Key takeaway: 92% of local business websites hide pricing entirely, yet a transparent $35/month membership price is one of the easiest "yes" decisions an uninsured dental patient can make. The plan is your recurring-revenue answer for the uninsured — but only if your website actually shows it.

Who runs the billing — GrowLocal or a plan vendor?

GrowLocal builds the page that markets and sells the plan; a dedicated plan vendor runs the billing engine behind it. These are two different jobs, and it is worth being clear about the split before you launch.

GrowLocal handles the website side: the dedicated membership page, transparent pricing display, the plan-vs-insurance comparison, the homepage savings-plan block, fast mobile hosting, and the contact or enrollment form that captures the lead.

The administration side — storing patient cards, auto-charging monthly dues, tracking renewals, and the compliance plumbing — is what platforms like Kleer, BoomCloud, Pearly, and Plan Forward exist to do. Our page links to or feeds your enrollment flow; their software runs the recurring charges. GrowLocal does not process payments or administer the plan, and any honest setup uses both pieces together.

For more on what the rest of your site should cost and include, see our dentist website cost breakdown, and on getting found locally, whether a Google Business Profile is enough for a dentist. We see the same recurring-membership pattern across health categories — it works for chiropractor websites and physical therapy websites too. You can compare the approach across trades on our local business website hub.

Frequently Asked Questions

Is a dental membership plan the same as insurance?

No. A membership plan is a subscription paid directly to the practice, not an insurance policy. It discounts your bills rather than paying claims, and it has no deductibles, waiting periods, annual maximums, or claim forms. Every plan page must state plainly that it is not insurance.

How much does a dental membership plan usually cost a patient?

Most plans run roughly $300–$485 per year, or around $35 per month, for an adult, with lower pricing for children. That fee typically covers two cleanings, exams, and routine X-rays, plus 10–30% off other treatment. Showing this number on the page matters: across GrowLocal's proprietary research, 92% of local business websites hide pricing entirely, so a visible flat price is an instant advantage.

Does GrowLocal run the membership billing and charge patients?

No. GrowLocal builds the membership-plan landing and pricing page with a contact or enrollment form — the part that markets and sells the plan.
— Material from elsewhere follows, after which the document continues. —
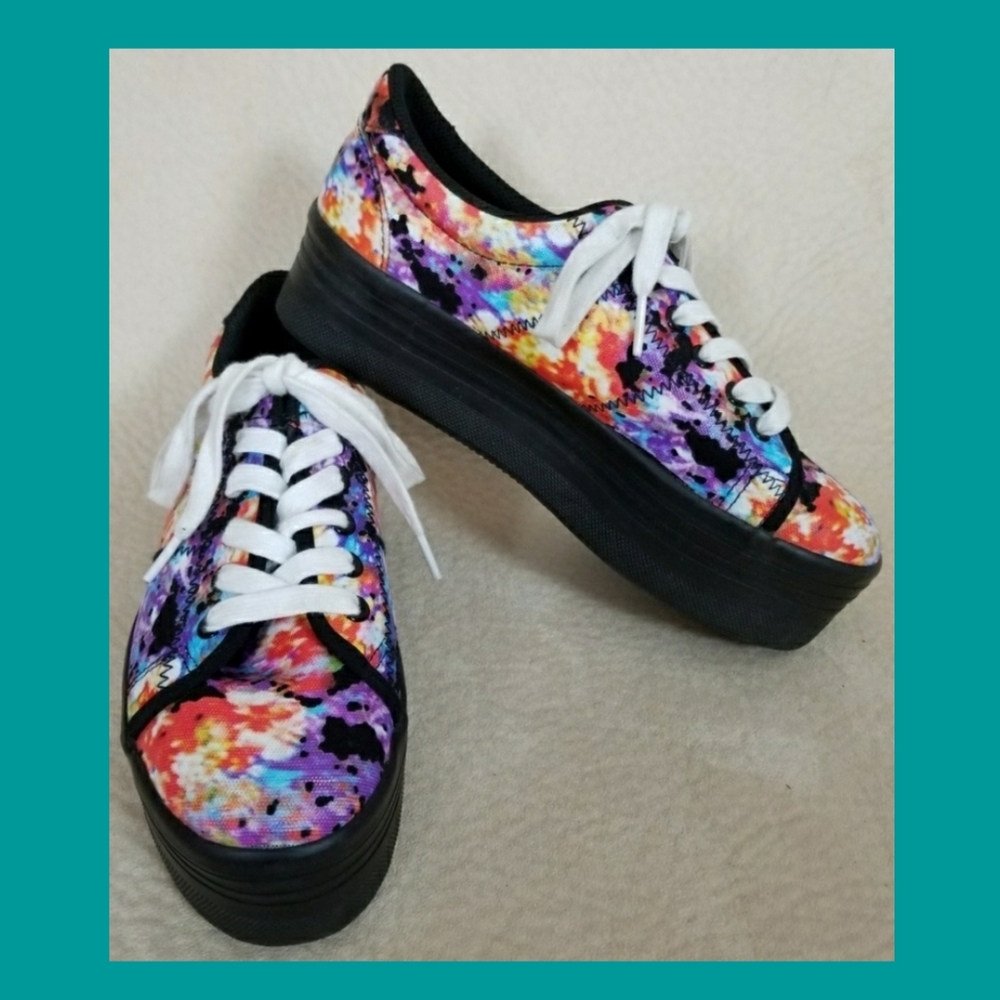 Jeffrey Campbell platform sneaks - Picture 1 of 8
The recurring billing, card storage, and plan administration are handled by dedicated platforms like Kleer, BoomCloud, or Pearly. A complete setup pairs the page we build with the billing engine they run.

Why offer a membership plan instead of just a new-patient special?

A special wins one visit; a membership plan wins a recurring relationship. With about 72 million U.S. adults uninsured (CareQuest Institute, 2024), the plan converts price-sensitive patients into members who return for care all year. The two work together — many practices use the special as the front door and the membership as the retention step.

Do I need a web designer to build a membership page, or can I do it myself?

You can build one on a DIY website builder, but converting uninsured patients takes a page that loads fast on mobile, shows pricing clearly, and includes a real comparison table and enrollment form. A done-for-you dentist website ships that page built to convert, so you are not wiring together a template the night before launch.

Can patients use a membership plan together with their dental insurance?

Generally no — a membership plan is the alternative to insurance, designed for patients who do not have it, and the two are not meant to be combined. Your page should target the uninsured, self-employed, families without employer benefits, and patients between plans, and say clearly who the plan is for.